=== Work to be completed ===
Every line in the listing should be set down again verbatim.

=== Entries supplied ===
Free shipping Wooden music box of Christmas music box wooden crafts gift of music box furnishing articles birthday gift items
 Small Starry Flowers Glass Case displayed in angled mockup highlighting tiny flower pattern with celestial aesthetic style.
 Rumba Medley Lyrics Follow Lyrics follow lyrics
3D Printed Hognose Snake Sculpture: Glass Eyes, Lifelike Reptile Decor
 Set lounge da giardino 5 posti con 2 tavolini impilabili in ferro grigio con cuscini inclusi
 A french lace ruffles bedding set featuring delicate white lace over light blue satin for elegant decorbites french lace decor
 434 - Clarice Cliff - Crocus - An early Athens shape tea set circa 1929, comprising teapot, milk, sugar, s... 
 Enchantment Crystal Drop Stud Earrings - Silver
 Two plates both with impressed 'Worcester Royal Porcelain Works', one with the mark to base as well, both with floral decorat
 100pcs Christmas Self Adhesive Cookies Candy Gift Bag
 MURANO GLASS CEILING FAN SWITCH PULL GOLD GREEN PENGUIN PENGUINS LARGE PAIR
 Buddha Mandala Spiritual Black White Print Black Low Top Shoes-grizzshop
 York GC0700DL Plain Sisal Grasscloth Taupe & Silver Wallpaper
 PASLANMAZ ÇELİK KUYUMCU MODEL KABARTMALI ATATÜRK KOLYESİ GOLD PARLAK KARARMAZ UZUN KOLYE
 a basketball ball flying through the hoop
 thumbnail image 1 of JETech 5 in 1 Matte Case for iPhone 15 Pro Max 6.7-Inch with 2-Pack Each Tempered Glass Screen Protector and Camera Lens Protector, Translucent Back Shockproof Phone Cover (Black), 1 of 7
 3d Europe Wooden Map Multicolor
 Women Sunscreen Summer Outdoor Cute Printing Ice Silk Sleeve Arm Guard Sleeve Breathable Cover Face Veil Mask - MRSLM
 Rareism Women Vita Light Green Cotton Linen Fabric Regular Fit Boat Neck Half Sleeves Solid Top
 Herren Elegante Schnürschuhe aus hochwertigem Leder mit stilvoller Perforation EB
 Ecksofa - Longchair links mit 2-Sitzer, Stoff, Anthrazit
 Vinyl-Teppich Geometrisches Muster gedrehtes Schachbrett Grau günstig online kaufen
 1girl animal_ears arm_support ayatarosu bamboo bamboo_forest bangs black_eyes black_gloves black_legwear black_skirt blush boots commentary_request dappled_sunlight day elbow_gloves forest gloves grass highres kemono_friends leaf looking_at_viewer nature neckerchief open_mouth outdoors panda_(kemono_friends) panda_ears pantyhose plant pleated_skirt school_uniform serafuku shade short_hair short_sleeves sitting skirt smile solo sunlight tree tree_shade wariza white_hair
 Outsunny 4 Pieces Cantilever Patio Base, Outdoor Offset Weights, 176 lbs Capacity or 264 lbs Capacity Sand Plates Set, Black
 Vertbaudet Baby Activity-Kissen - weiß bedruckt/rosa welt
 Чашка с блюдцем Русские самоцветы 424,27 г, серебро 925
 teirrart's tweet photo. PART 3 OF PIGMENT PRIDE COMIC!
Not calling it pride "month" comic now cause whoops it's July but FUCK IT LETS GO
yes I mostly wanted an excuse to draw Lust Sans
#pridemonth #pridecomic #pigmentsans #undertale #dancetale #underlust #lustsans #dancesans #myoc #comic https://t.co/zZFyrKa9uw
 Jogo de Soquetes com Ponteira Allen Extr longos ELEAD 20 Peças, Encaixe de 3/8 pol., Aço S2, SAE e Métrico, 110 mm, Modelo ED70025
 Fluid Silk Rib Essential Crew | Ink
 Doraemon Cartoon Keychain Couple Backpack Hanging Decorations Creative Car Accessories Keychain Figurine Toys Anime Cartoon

=== Solution to the exercise ===
Free shipping Wooden music box of Christmas music box wooden crafts gift of music box furnishing articles birthday gift items
 Small Starry Flowers Glass Case displayed in angled mockup highlighting tiny flower pattern with celestial aesthetic style.
 Rumba Medley Lyrics Follow Lyrics follow lyrics
3D Printed Hognose Snake Sculpture: Glass Eyes, Lifelike Reptile Decor
 Set lounge da giardino 5 posti con 2 tavolini impilabili in ferro grigio con cuscini inclusi
 A french lace ruffles bedding set featuring delicate white lace over light blue satin for elegant decorbites french lace decor
 434 - Clarice Cliff - Crocus - An early Athens shape tea set circa 1929, comprising teapot, milk, sugar, s... 
 Enchantment Crystal Drop Stud Earrings - Silver
 Two plates both with impressed 'Worcester Royal Porcelain Works', one with the mark to base as well, both with floral decorat
 100pcs Christmas Self Adhesive Cookies Candy Gift Bag
 MURANO GLASS CEILING FAN SWITCH PULL GOLD GREEN PENGUIN PENGUINS LARGE PAIR
 Buddha Mandala Spiritual Black White Print Black Low Top Shoes-grizzshop
 York GC0700DL Plain Sisal Grasscloth Taupe & Silver Wallpaper
 PASLANMAZ ÇELİK KUYUMCU MODEL KABARTMALI ATATÜRK KOLYESİ GOLD PARLAK KARARMAZ UZUN KOLYE
 a basketball ball flying through the hoop
 thumbnail image 1 of JETech 5 in 1 Matte Case for iPhone 15 Pro Max 6.7-Inch with 2-Pack Each Tempered Glass Screen Protector and Camera Lens Protector, Translucent Back Shockproof Phone Cover (Black), 1 of 7
 3d Europe Wooden Map Multicolor
 Women Sunscreen Summer Outdoor Cute Printing Ice Silk Sleeve Arm Guard Sleeve Breathable Cover Face Veil Mask - MRSLM
 Rareism Women Vita Light Green Cotton Linen Fabric Regular Fit Boat Neck Half Sleeves Solid Top
 Herren Elegante Schnürschuhe aus hochwertigem Leder mit stilvoller Perforation EB
 Ecksofa - Longchair links mit 2-Sitzer, Stoff, Anthrazit
 Vinyl-Teppich Geometrisches Muster gedrehtes Schachbrett Grau günstig online kaufen
 1girl animal_ears arm_support ayatarosu bamboo bamboo_forest bangs black_eyes black_gloves black_legwear black_skirt blush boots commentary_request dappled_sunlight day elbow_gloves forest gloves grass highres kemono_friends leaf looking_at_viewer nature neckerchief open_mouth outdoors panda_(kemono_friends) panda_ears pantyhose plant pleated_skirt school_uniform serafuku shade short_hair short_sleeves sitting skirt smile solo sunlight tree tree_shade wariza white_hair
 Outsunny 4 Pieces Cantilever Patio Base, Outdoor Offset Weights, 176 lbs Capacity or 264 lbs Capacity Sand Plates Set, Black
 Vertbaudet Baby Activity-Kissen - weiß bedruckt/rosa welt
 Чашка с блюдцем Русские самоцветы 424,27 г, серебро 925
 teirrart's tweet photo. PART 3 OF PIGMENT PRIDE COMIC!
Not calling it pride "month" comic now cause whoops it's July but FUCK IT LETS GO
yes I mostly wanted an excuse to draw Lust Sans
#pridemonth #pridecomic #pigmentsans #undertale #dancetale #underlust #lustsans #dancesans #myoc #comic https://t.co/zZFyrKa9uw
 Jogo de Soquetes com Ponteira Allen Extr longos ELEAD 20 Peças, Encaixe de 3/8 pol., Aço S2, SAE e Métrico, 110 mm, Modelo ED70025
 Fluid Silk Rib Essential Crew | Ink
 Doraemon Cartoon Keychain Couple Backpack Hanging Decorations Creative Car Accessories Keychain Figurine Toys Anime Cartoon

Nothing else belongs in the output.